My “handler” told me to walk to the edge of the platform and smile for the camera. I did as I was told; I had temporarily suspended thinking for myself. Then he told me to step back on the platform, he would count down from five—and I would run to the edge and then leave what was now passing for terra firma to plunge into the firmament.
“Five. Four. Three. Two. One.”
My stomach lurched as I free-fell into the air 140 feet. The glories of Lake Wakatipu were below me but I couldn’t look at anything. I knew that Mark was taking my photo but I couldn’t smile for the camera. My only thoughts revolved around the dizzying sensation of dropping.
And then, after my two seconds of free fall, I felt myself being held firmly, comfortingly by the bungy cord.
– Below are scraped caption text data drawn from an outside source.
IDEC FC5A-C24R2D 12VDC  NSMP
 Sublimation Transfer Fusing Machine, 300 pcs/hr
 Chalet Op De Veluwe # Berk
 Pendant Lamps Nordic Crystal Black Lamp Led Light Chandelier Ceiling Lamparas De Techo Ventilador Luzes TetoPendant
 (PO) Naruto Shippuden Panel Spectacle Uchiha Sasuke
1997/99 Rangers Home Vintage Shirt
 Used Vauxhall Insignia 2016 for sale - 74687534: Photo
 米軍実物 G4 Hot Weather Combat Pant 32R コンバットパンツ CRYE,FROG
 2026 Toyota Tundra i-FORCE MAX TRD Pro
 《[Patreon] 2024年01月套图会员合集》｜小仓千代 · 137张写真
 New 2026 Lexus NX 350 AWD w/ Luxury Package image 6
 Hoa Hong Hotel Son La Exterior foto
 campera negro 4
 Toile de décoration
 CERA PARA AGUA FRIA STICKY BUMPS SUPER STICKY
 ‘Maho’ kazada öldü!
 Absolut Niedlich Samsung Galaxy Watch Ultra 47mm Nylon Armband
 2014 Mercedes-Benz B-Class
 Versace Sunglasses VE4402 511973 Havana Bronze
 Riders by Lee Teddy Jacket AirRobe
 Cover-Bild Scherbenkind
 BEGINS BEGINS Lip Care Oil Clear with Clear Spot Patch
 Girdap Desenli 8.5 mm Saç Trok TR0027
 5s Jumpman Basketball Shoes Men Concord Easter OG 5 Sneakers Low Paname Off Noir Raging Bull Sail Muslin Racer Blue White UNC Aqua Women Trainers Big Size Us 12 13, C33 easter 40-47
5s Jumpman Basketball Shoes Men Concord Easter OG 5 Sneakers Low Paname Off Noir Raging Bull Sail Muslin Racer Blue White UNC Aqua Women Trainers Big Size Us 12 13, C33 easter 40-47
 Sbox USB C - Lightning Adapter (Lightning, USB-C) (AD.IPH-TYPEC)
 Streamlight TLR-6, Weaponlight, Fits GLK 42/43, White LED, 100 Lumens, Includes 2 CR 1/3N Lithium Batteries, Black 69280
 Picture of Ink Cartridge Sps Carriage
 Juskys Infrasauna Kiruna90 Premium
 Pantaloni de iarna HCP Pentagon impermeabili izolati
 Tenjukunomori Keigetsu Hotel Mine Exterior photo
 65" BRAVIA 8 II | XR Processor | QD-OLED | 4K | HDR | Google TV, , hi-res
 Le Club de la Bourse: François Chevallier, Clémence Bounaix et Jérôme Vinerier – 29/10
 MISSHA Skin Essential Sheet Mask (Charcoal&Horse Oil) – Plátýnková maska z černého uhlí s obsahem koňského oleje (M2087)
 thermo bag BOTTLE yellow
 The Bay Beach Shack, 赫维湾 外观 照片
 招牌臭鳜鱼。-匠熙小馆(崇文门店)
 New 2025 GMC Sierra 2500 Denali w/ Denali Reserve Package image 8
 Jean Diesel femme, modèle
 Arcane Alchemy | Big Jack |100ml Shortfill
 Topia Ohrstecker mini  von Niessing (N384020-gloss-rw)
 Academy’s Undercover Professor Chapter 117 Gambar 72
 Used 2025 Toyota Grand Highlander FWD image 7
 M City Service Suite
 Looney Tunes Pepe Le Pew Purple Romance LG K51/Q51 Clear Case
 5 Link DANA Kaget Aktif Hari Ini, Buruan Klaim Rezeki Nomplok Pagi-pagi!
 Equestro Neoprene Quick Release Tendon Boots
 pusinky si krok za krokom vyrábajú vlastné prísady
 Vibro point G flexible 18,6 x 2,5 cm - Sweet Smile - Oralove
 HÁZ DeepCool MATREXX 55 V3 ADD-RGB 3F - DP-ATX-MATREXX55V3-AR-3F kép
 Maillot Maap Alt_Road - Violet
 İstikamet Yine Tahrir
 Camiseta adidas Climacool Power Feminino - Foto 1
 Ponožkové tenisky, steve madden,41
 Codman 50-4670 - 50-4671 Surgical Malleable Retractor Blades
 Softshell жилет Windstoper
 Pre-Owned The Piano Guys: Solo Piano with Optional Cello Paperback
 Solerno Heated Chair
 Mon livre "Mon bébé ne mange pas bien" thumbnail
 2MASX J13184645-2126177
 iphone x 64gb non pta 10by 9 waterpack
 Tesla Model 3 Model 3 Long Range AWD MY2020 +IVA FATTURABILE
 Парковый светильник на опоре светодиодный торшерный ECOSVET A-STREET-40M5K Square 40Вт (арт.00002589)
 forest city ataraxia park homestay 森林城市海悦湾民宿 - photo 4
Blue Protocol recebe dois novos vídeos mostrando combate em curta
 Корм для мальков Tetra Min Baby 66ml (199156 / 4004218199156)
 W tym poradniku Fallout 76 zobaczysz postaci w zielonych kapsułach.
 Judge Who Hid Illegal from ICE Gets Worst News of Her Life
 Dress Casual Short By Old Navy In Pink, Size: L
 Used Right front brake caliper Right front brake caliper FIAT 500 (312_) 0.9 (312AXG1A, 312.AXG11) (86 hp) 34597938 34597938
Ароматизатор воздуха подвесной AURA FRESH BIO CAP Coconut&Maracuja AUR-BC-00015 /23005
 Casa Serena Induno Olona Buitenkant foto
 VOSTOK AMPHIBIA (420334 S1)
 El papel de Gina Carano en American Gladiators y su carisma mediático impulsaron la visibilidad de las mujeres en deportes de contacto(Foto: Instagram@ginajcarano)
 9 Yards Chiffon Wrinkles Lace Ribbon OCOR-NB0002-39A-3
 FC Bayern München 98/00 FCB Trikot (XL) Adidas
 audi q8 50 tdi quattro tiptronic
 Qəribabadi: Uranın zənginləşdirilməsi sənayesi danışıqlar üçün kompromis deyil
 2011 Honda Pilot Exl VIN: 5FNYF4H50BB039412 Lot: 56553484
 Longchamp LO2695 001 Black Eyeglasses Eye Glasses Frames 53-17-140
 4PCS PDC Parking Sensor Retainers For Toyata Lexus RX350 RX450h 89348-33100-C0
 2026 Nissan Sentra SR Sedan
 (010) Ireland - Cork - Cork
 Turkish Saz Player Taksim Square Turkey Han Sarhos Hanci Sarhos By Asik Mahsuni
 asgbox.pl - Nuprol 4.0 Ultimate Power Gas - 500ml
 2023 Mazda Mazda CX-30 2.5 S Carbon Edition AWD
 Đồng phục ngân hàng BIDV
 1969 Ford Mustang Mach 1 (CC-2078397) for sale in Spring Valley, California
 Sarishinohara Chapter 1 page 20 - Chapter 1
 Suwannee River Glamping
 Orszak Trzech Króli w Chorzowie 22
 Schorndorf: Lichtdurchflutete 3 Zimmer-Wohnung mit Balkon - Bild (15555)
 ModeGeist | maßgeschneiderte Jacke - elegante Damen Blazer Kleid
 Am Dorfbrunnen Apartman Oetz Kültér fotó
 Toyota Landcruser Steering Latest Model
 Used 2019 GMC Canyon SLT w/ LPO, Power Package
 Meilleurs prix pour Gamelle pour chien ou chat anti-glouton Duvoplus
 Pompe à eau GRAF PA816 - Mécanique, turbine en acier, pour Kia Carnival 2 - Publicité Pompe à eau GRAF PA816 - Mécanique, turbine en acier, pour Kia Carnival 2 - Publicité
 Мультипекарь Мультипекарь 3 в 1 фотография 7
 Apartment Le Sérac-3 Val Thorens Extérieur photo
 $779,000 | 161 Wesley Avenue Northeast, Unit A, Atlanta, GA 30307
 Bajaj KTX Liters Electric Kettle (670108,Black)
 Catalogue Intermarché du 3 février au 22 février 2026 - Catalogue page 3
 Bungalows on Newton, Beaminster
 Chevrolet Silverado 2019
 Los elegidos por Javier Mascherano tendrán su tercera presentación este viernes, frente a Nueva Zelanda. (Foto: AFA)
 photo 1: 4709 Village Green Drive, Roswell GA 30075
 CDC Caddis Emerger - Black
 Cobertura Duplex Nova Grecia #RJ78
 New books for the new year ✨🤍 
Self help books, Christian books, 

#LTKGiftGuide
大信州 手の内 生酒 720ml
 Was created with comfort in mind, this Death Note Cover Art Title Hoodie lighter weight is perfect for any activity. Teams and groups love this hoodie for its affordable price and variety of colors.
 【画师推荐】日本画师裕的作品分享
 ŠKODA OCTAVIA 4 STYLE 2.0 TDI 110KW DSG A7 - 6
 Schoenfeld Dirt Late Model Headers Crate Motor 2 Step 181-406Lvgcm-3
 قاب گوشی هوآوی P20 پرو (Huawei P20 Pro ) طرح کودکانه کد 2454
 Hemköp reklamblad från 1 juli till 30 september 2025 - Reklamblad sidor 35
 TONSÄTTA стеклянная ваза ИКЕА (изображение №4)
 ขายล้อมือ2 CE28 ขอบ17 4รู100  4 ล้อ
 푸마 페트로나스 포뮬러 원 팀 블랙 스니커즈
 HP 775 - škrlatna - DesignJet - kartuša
My stomach stopped somersaulting as I bounced up, and then down in a gentle swinging motion. Euphoria replaced terror. I looked over to where Mark stood. I smiled. I waved. I swung around. I kept bouncing.
I looked down and around. I saw the snow-capped peaks of the Remarkables mountain range, the glacial blue lake, the serpentine curve of the forested shoreline, and the buildings of Queenstown. I bounced and swung some more. I marveled at the absolute silence, the feeling of being alone in the air, and the sensation of flying. And then, all too soon — was my adventure over already?—I saw the other cord come down, the one I had to catch and link to my harness so I could be winched back up to the platform. This one was swinging away from me, and I briefly wondered how I would get out of outer space if I didn’t manage to clasp it. I connected it, I was hoisted up, and my much-too-short ride of only three and a half minutes was over.
My thrill at having done this was, it struck me later, out of all proportion to the feat itself. It had not required months of training (like the trekking and the marathon). It had not required any special skill or effort. It demanded nothing more of me than the ability to trust in technology and be willing to take a measured risk. But as Helen Keller once wrote, “Security is mostly a superstition. Avoiding danger is no safer in the long run than outright exposure. Life is either a daring adventure or nothing.” I did feel as if I had had a daring adventure, and as I hugged my husband, I felt exhilarated and triumphant as I ticked off one more fear that I had conquered, and began to think about others that I had never even dreamed of facing.
As a grandmother, I like to think of myself as a mature, wise elder. As just a woman, I like the idea that I can still do something off the wall—or, in this case, off the platform. The words of a grizzled gypsy I had met twenty years earlier at a gathering of the hippie group The Rainbow Family of Living Light came to mind: “Everybody has to grow old, but you can stay immature forever.”